> _TASK GOAL_
Your answer must be the lines from the top of the listing below through the line that holds "77 Havemeyer Lane, Unit", retyped exactly, with no pictures.

> _STORED DATA_
+++++

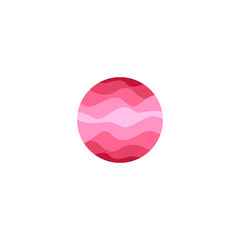 Isolated abstract pink color round shape logo on white background vector illustration.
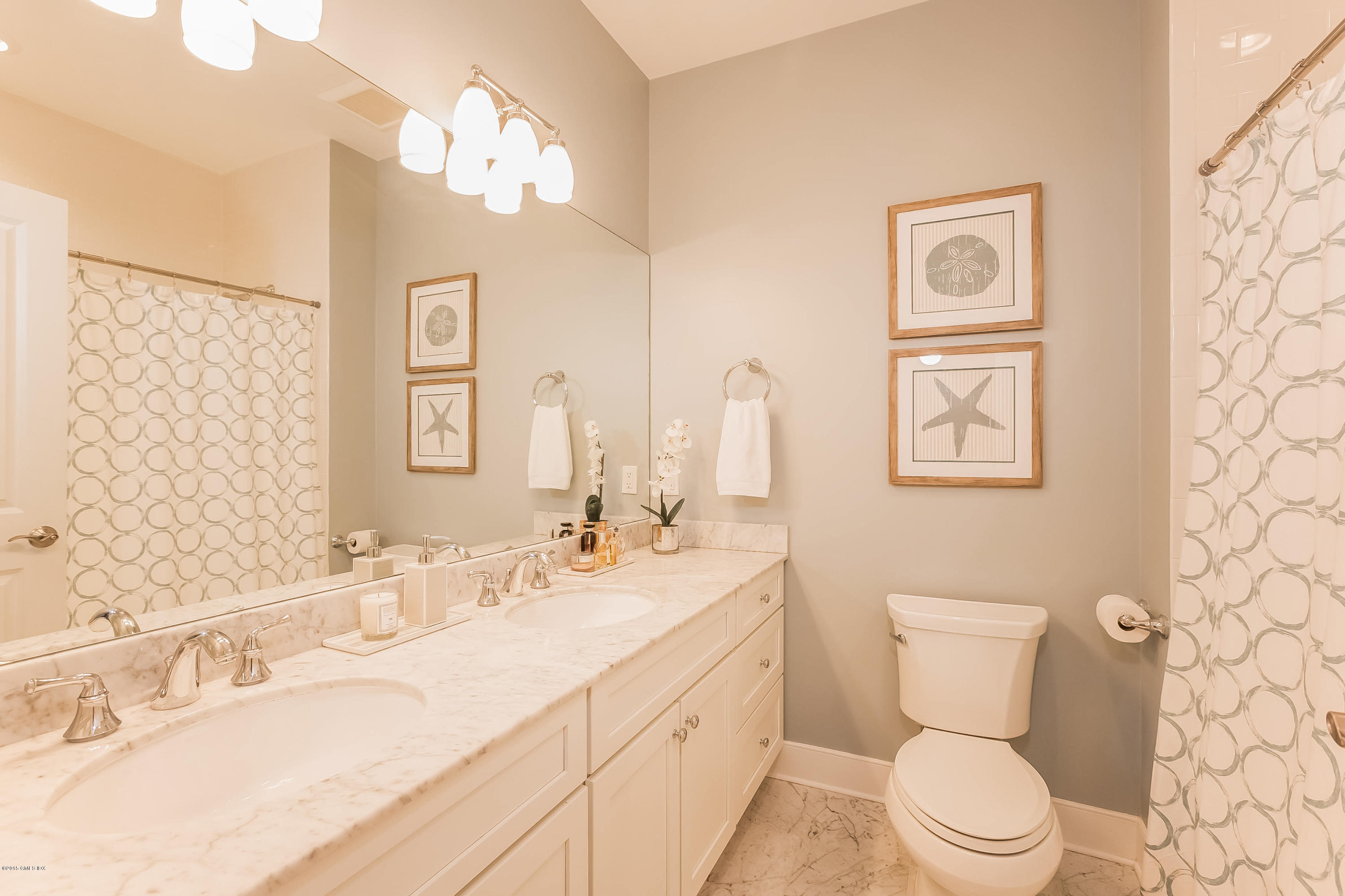 77 Havemeyer Lane, Unit 48 Stamford, CT 06902 - Photo 8 of 16 a bathroom with a toilet a sink a mirror a vanity and a shower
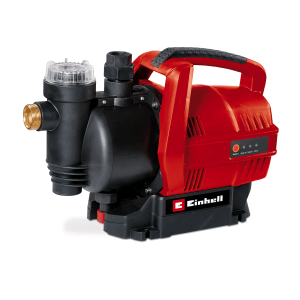 Einhell GC-AW 6033 domáca vodáreň, červené záhradné čerpadlo s čiernym filtrom a držadlom.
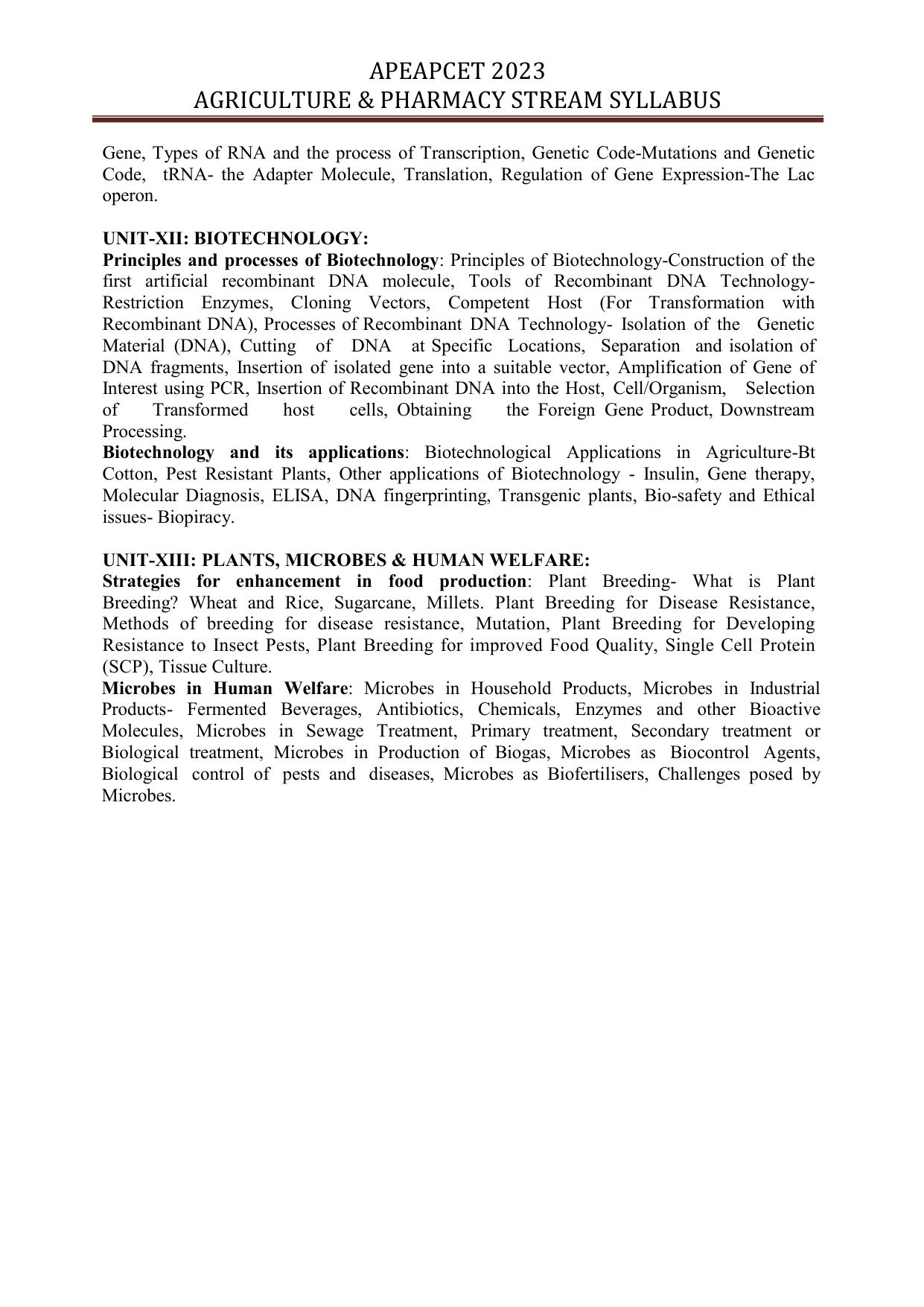 AP EAPCET Agriculture & Pharmacy Syllabus - Page 3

+++++

> _SOLUTION TO THIS PROBLEM_
 Isolated abstract pink color round shape logo on white background vector illustration.
 77 Havemeyer Lane, Unit 48 Stamford, CT 06902 - Photo 8 of 16 a bathroom with a toilet a sink a mirror a vanity and a shower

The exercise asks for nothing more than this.